◆ YOUR ASSIGNMENT
Transcribe only the part of the material below that begins at the line containing "ワンドロップ　onedrop フォーマットC OneDrop" and ends at the line containing "Image result for Prodigy Math Game Wallpaper", with both kept and images left out.

◆ SUPPLIED INFORMATION

=-=-=

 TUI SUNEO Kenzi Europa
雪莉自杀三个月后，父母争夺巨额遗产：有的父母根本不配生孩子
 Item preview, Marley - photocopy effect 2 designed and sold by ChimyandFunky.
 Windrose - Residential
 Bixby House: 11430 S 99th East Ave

=-=-=

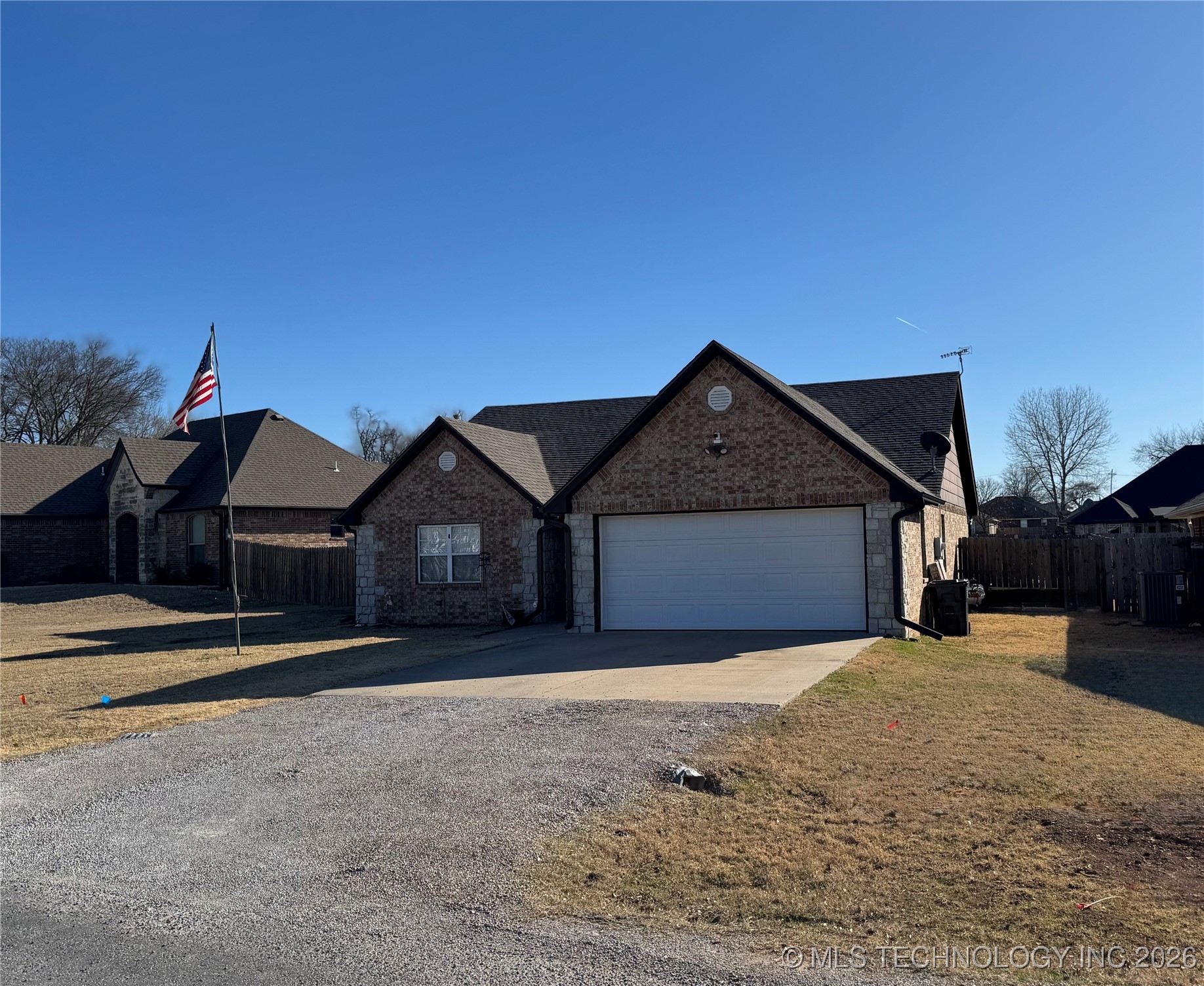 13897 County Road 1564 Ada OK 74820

=-=-=

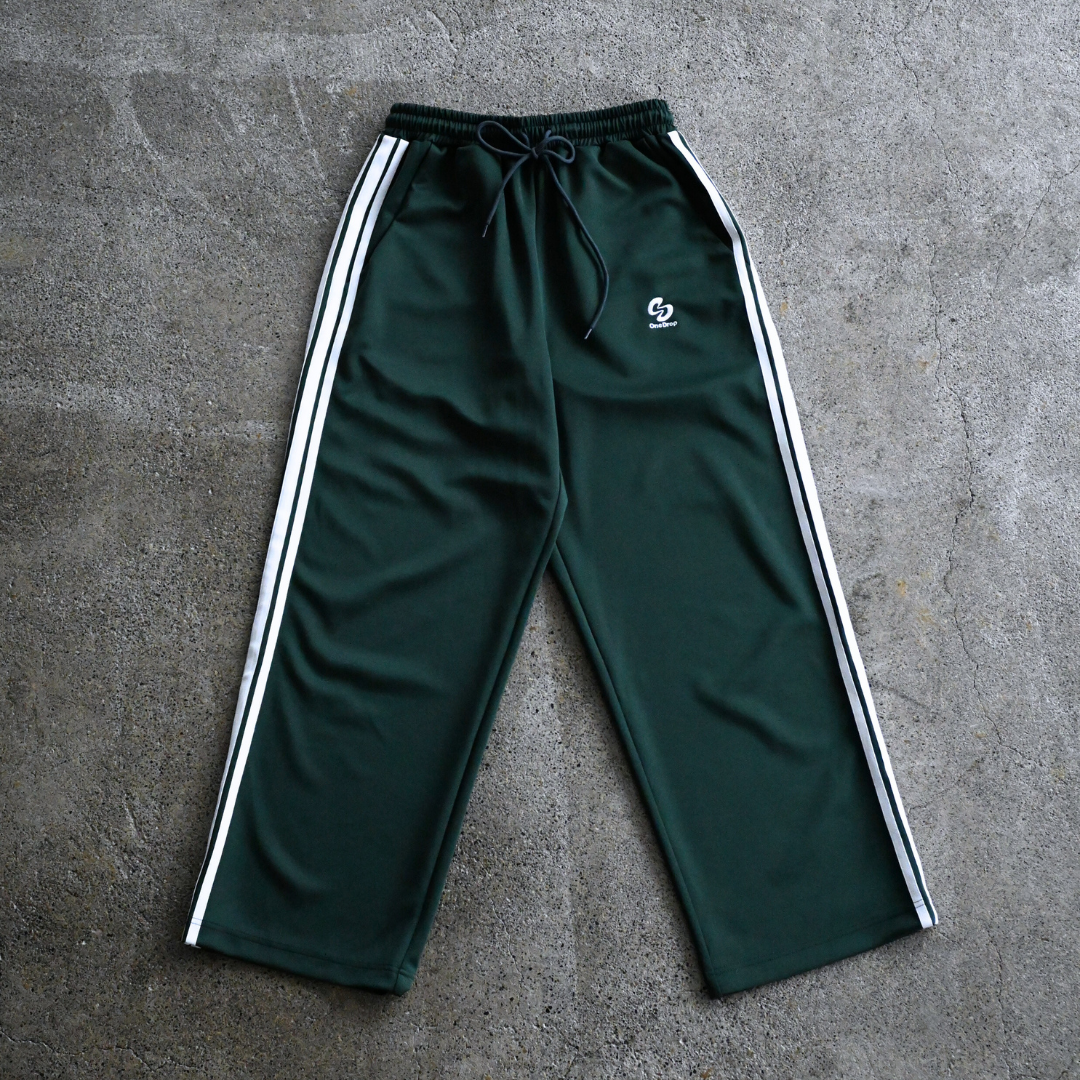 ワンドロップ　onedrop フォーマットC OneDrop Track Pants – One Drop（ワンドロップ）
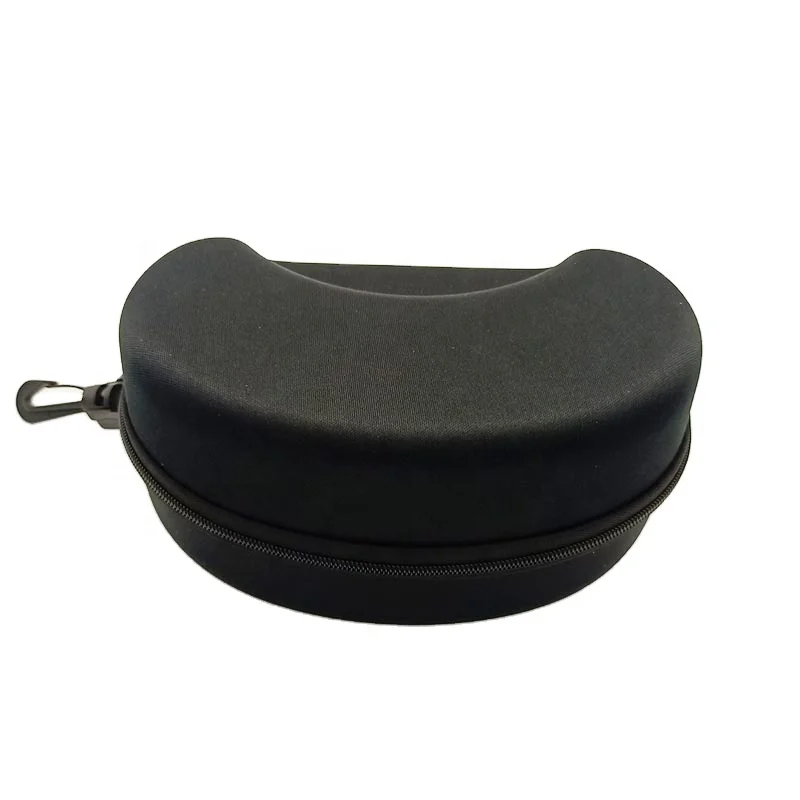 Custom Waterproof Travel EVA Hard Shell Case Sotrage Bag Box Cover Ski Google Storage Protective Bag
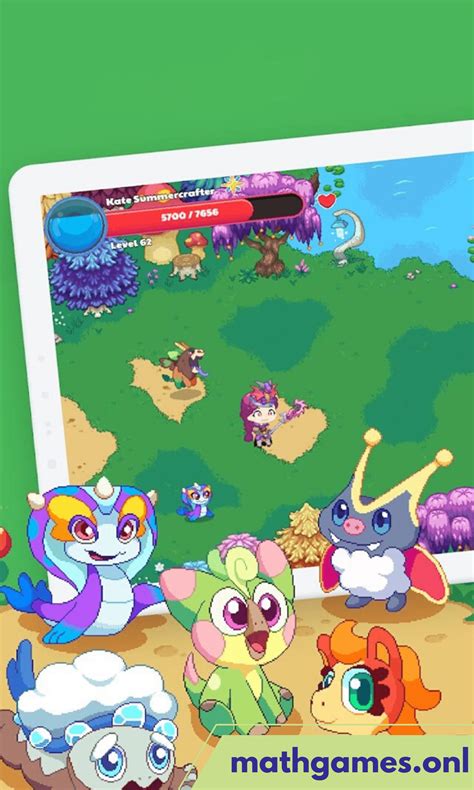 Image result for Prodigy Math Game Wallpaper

=-=-=

◆ RESPONSE TO THIS EXERCISE
 ワンドロップ　onedrop フォーマットC OneDrop Track Pants – One Drop（ワンドロップ）
 Custom Waterproof Travel EVA Hard Shell Case Sotrage Bag Box Cover Ski Google Storage Protective Bag
 Image result for Prodigy Math Game Wallpaper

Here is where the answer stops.